The most radical transformation will occur at the southern reaches, in a re-zoned area that only two years ago was an unsightly collection of abandoned warehouses, parking lots and a conduit for trucks accessing the Lincoln Tunnel to and from New Jersey. Over the next five years some of the world’s biggest developers, including Related Companies and the World Trade Center’s Larry Silverstein, are turning to the now-obligatory ‘starchitects’ to build at least 8,000 skyscraper apartments here.
These recession-defying high-rises will anchor Hudson Yards, a proposed $15bn (€11.5bn) mini-city built atop 10ha of railyards. The current plans bear little resemblance to the original floated by city mayor Michael Bloomberg as his signature project in 2002; back then, an entire American football stadium was envisaged – one that would have also served as the $2bn Olympic centrepiece had the Big Apple not lost out to London for the 2012 sporting extravaganza. Instead, Bloomberg’s administration now hopes to galvanise a vibrant new commercial and residential neighbourhood complete with cultural amenities, hotels, small businesses, a public school, 4ha of open space and its own metro station once the Number 7 subway line is extended westwards. Related Companies, Hudson Yards’ principal developer is currently courting a global corporation to use one of its buildings as its new headquarters once the first phase is finished in 2015 – built, astonishingly enough, on a 1m-deep steel platform over those rail lines.
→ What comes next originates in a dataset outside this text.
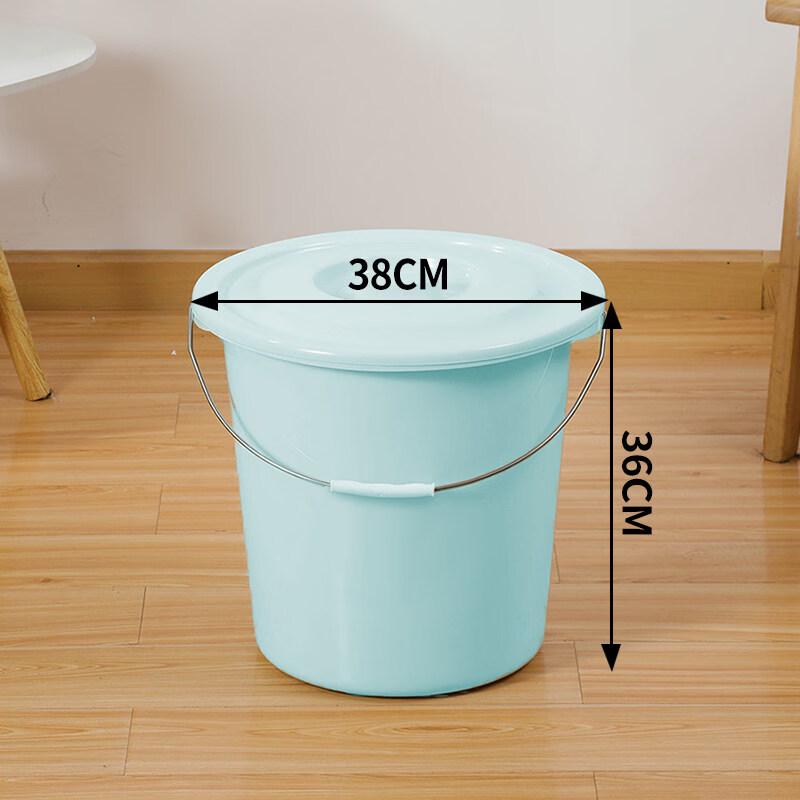 ZISIZ Large Household Plastic Bucket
There is already much activity on both sides of Hudson Yards. Home to designers and actors in search of cheaper rents and close proximity to Broadway and the Fashion Institute, the area’s artistic credentials have been enhanced by the opening of the High Line, a wild-growing elevated park that snakes through the area from neighbouring Chelsea, built on top of a 1930s’ railway line that hovers 10m above street-level. A second Whitney Museum of American Art has been earmarked for the downtown entrance of the High Line, joining an array of local galleries.
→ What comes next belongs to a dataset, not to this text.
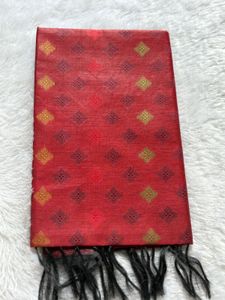 Brand new Banarasi unstitched suit with dupatta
Hell’s Kitchen’s currently attracts its fair share of tourist overspill courtesy of all the post-theatre culinary delights along Restaurant Row. Add into the mix New York City’s premiere convention complex, the soon-to-expand Jacob K. Javits Convention Center, and it was only a matter of time before upscale hotels moved in too. Among the first is Ink48, the latest addition to the pioneering San Francisco-based Kimpton chain that takes full advantage of the dramatic views offered by this former printing plant.
Also on the books, and another sure sign of economic regeneration, is the city’s first gay boutique hotel, a 123-room complex that will come complete with spa and dance club. The fact that this is situated on westernmost frontier of 42nd Street, once associated with seedy XXX joints, only adds to the cachet.
Part of Kimpton’s reason for choosing Hell’s Kitchen, a former slum so notorious for low-lifes and ethnic warfare that it inspired Leonard Bernstein’s West Side Story, was not to miss out on another golden opportunity. Kimpton did that five years ago with the Meatpacking District and came to regret its decision as clothing stores moved in, Soho House opened its Manhattan private members’ club and the Gansevoort became the it-hotel for models and sports stars. “We were worried we’d make the same mistake twice,” Troy Furbay, Kimpton’s senior vice president admits. “We didn’t want to overlook an area where it wasn’t immediately obvious why there was no hotel there.”